Write out the listing, please, but only from its first line through the line containing "art clubs and studio tours", exactly as given and without pictures.

:: Exercise input

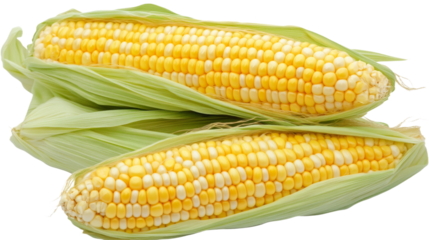 Golden corn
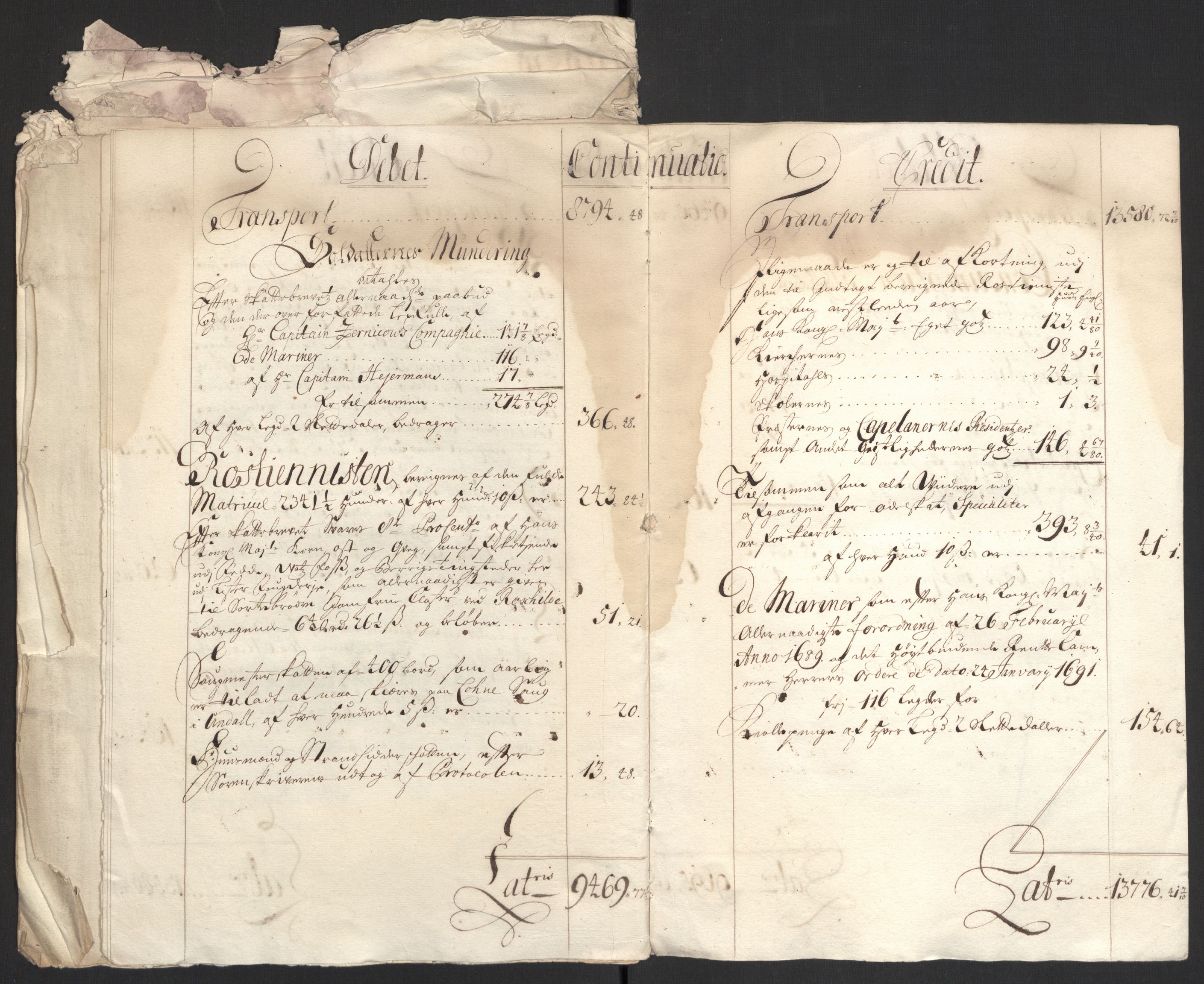 Rentekammeret inntil 1814, Reviderte regnskaper, Fogderegnskap, AV/RA-EA-4092/R43/L2550: Fogderegnskap Lista og Mandal, 1703-1704, p. 235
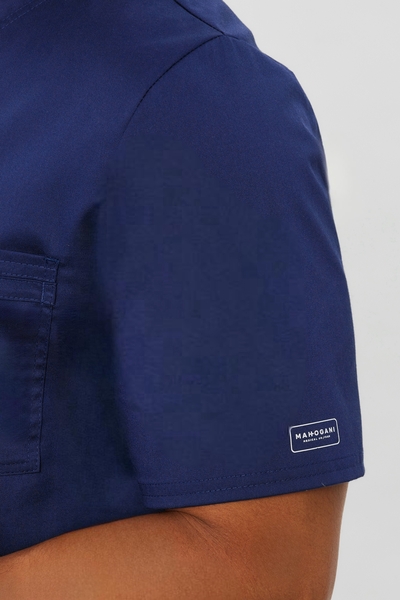 6-01-25-1 Топ муж. (Insoft, кор.рук.) (28 Сапфир, XS (44 размер), 182)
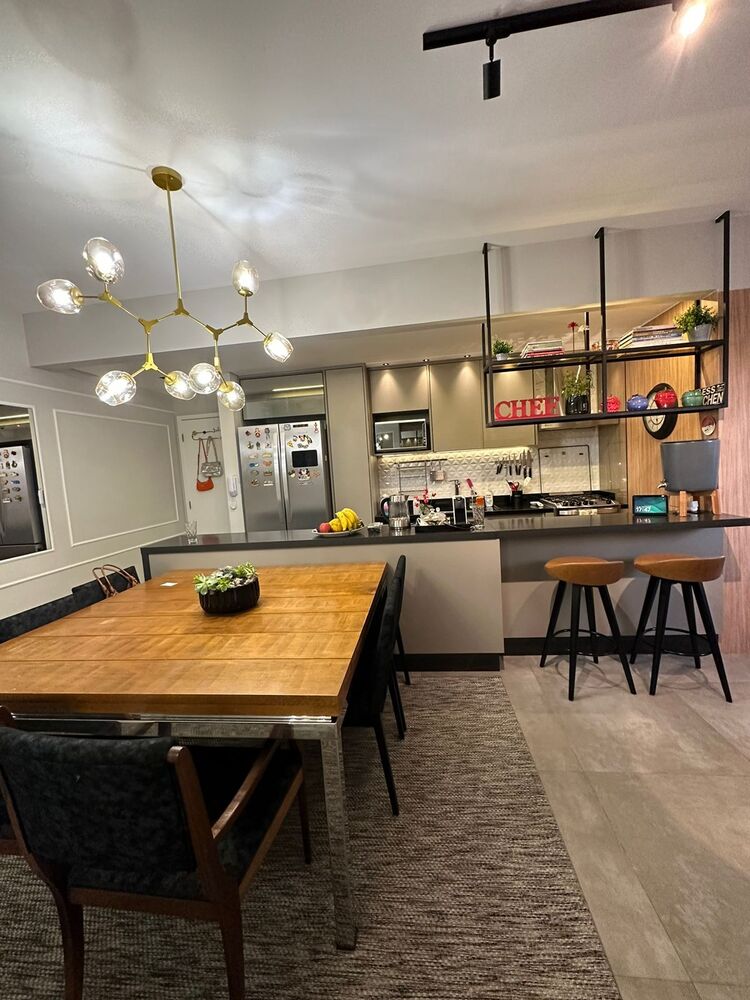 Apartamento, 3 quartos, 90 m² - Foto 1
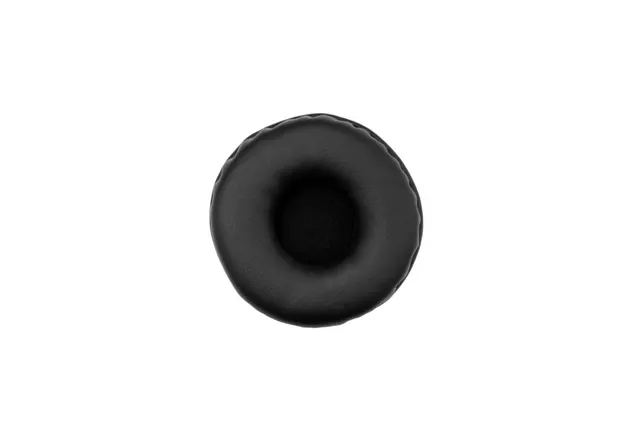 Axtel Leatherette ear cushion - soft, thin donut for the Elite Hdvoice series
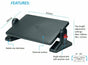 Aidata FR-002 Ergo Footrest V729-U-FR-002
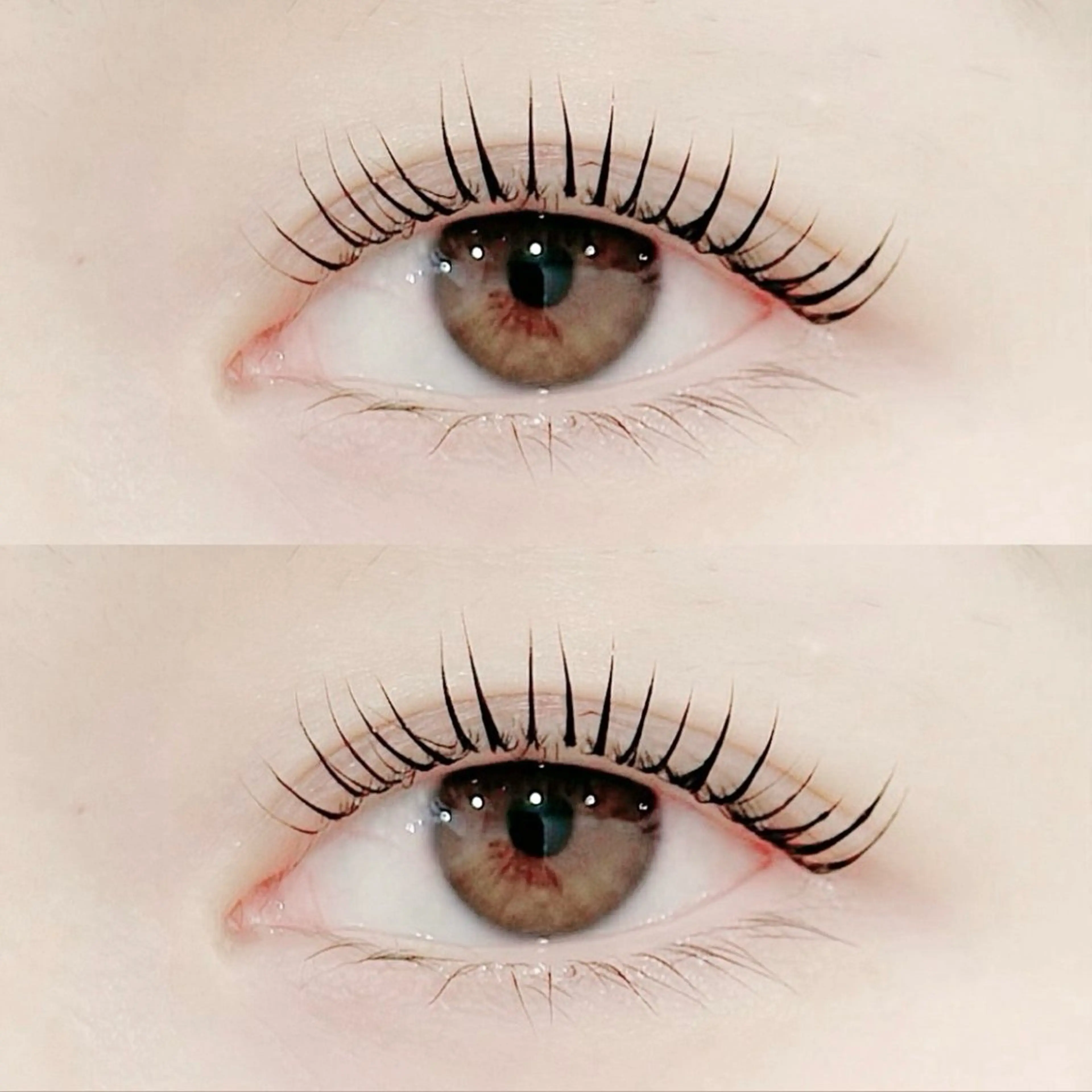 マツエク・マツパ マツパ 𝒀𝒖𝒊 ❤︎のマツエク・マツパデザイン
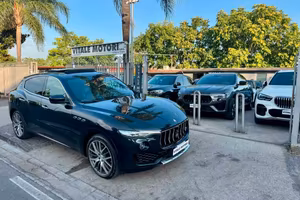 Maserati Levante 3.0 Diesel 275 CV AWD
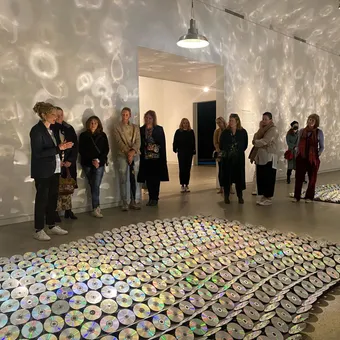art clubs and studio tours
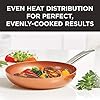 Copper-Chef-Cookware-9-Pc-Round-Pan-Set-Aluminum-and-Steel-with-Ceramic-Non-Stick-Coating-Cookware-Set-Includes-Lids-Frying-and-Roasting-Pans-Accessories-Pots-and-Pans-Set Copper Chef Cookware 9-Pc. Round Pan Set, Aluminum and Steel with Ceramic Non-Stick Coating Cookware Set, Includes Lids…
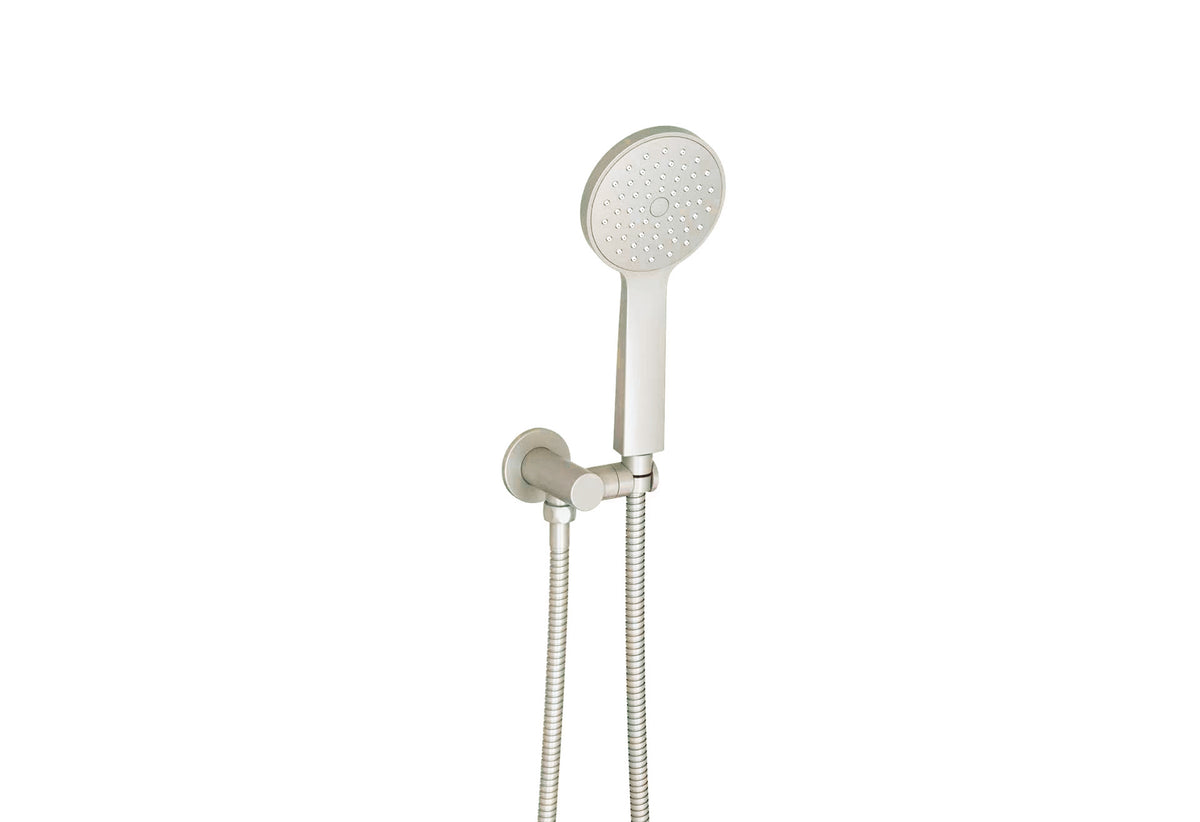Soul Classic Hand Shower on Hook - Brushed Nickel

::::

--- Expected output ---
 Golden corn
 Rentekammeret inntil 1814, Reviderte regnskaper, Fogderegnskap, AV/RA-EA-4092/R43/L2550: Fogderegnskap Lista og Mandal, 1703-1704, p. 235
 6-01-25-1 Топ муж. (Insoft, кор.рук.) (28 Сапфир, XS (44 размер), 182)
 Apartamento, 3 quartos, 90 m² - Foto 1
 Axtel Leatherette ear cushion - soft, thin donut for the Elite Hdvoice series
 Aidata FR-002 Ergo Footrest V729-U-FR-002
 マツエク・マツパ マツパ 𝒀𝒖𝒊 ❤︎のマツエク・マツパデザイン
 Maserati Levante 3.0 Diesel 275 CV AWD
art clubs and studio tours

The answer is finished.